Seorang gadis berseragam putih abu-abu menengok ke kanan dan kiri, entah siapa yang dia cari. Badannya yang berdiri di tengah-tengah pintu gerbang tentu membuat banyak klakson berbunyi saling bersahutan. Namun, gadis itu abai.
"Woi, lo mau mati, ya!" sentak seorang pemuda dengan dasi yang diikat di kepala.
Perutnya yang telah kosong, pun matahari yang tampak begitu terik, membuat amarah pemuda tadi meluap-luap. Dia yang ingin segera pulang harus terhambat sejenak akibat kemacetan yang terjadi.
Sepasang tangan meraih lengan sang gadis untuk diajaknya menepi. Keduanya dapat melihat dengan jelas bagaimana raut marah dari siswa-siswi yang hendak ke luar melalui gerbang.
"Cewek gila!" umpat salah seorang gadis dengan mata yang menyorot tajam.
Pemuda yang menarik lengan sang gadis tadi mendengkus cukup keras. Sebut saja Abdul. "Lo kenapa, sih, Lan? Udah tiga hari lo berdiri nggak jelas depan gerbang," tanya Abdul dengan mata yang menatap intens ke arah Wulan-gadis tadi.

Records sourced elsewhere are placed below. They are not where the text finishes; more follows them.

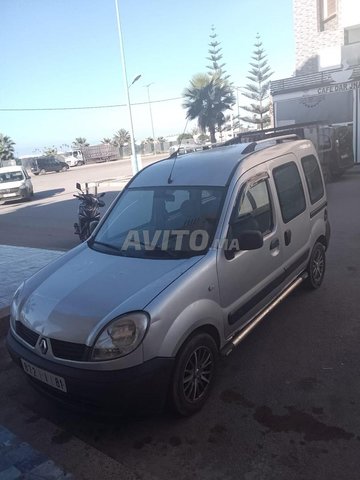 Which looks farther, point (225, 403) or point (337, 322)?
point (337, 322)

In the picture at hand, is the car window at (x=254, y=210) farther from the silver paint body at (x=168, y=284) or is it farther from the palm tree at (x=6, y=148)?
the palm tree at (x=6, y=148)

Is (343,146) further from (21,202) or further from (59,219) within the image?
(21,202)

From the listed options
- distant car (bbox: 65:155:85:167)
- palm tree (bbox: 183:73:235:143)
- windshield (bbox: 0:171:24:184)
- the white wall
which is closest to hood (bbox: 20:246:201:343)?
windshield (bbox: 0:171:24:184)

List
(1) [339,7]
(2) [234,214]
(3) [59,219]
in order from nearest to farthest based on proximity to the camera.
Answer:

"Gue nungguin Kak Queen jemput." Jawaban yang terlontar dari mulut Wulan membuat Abdul tambah frustrasi. Gadis itu selalu menjawab demikian sejak beberapa hari lalu.
"Wulan!" gertak Abdul sembari memegang kedua pundak sang gadis.
Di posisi ini, mau 'tak mau dia harus melihat jauh ke dalam mata Wulan. Di posisi ini pula, si gadis menatap mata cokelat milik pemuda itu. Orang awam sekalipun akan tahu bahwa sorot mata gadis itu begitu sendu, terdapat banyak emosi sedih di dalamnya.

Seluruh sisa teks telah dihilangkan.